今秋のドラフト候補が、運命の日へ、アピールを続ける。東農大北海道の最速149キロ右腕、井口和朋(4年=武相)は大学日本代表の一員として今日26日、U18(18歳以下)W杯に出場する高校日本代表との壮行試合(甲子園)に臨む。甲子園を沸かせた球児をねじ伏せ、兄貴分の貫禄を示したい。

 井口が負けられないマウンドに立つ。大学日本代表と高校日本代表との対戦。世界大会を控える“弟分”たちを送り出す試合だが、打たれるわけにはいかない。「楽しみだけど、高校生は良い選手がそろっているので」と、ちょっぴり緊張気味だ。

 最も警戒するのは、唯一の1年生、早実(西東京)の清宮幸太郎内野手だ。早実では3番を任され、甲子園でも19打数9安打8打点、2本塁打を放った怪物ルーキー。対戦が巡ってくれば、注目されるのは必至だ。「ライト(スタンド)を見上げないように気をつけます」と弱気発言も飛び出すが「自信のある真っすぐとスライダーでしっかり抑えたい」と気持ちを奮い立たせる。

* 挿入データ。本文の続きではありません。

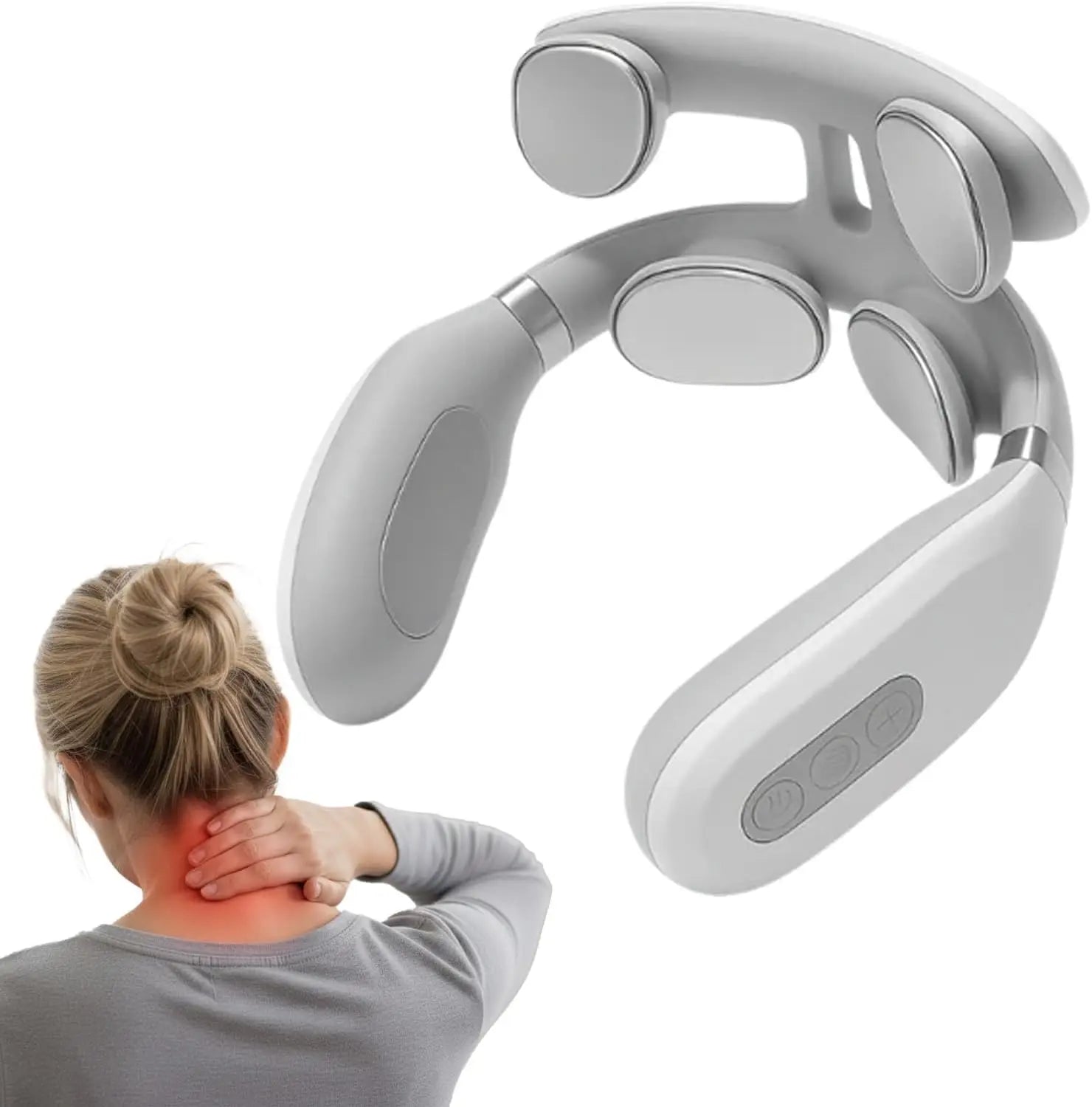 Tidesmit Portable Neck Massager - EMS Stress Relief Device (White) Relaxation Treatment Tidesmit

 大舞台の経験が自信となっている。7月のユニバーシアードでは2試合に2番手で登板し、計3回1/3を被安打3、4奪三振、無失点。台湾との決勝は雨天中止(両チーム優勝)のため、結果的に優勝決定戦となった米国との準決勝では、自己最速を2キロ更新する149キロをマークし、勝利投手となった。日本を“世界一”に導き「高いレベルの中に入ってできたのは一番良い経験。制球力が大事だとわかった」と手ごたえもつかんだ。

 北海道6大学は、22日に秋季リーグ戦が開幕した。井口は先発した初戦の釧路公立大戦で7回を3安打、無失点。日本ハム白井スカウトが「インコースに攻めていける真っすぐが魅力。春からキレが良くなっている。順調」と評価する内容で、最後のシーズンに突入した。目標は明治神宮大会(11月14日~、東京・神宮)だが、高校日本代表戦は、その前に得たアピールチャンス。「監督さん(東農大北海道の樋越勉監督=58)に『打たれたら知らないぞ』とプレッシャーをかけられているので、頑張ります」。好投でプロへの第一関門突破とばかりに、マウンドへ向かう。【保坂果那】

 ◆井口和朋(いぐち・かずとも)1994年(平6)1月7日、横浜市生まれ。横浜森の台小1年からDMファイターズで野球を始める。武相-東農大北海道。家族は両親と兄、弟、妹。177センチ、80キロ。右投げ右打ち。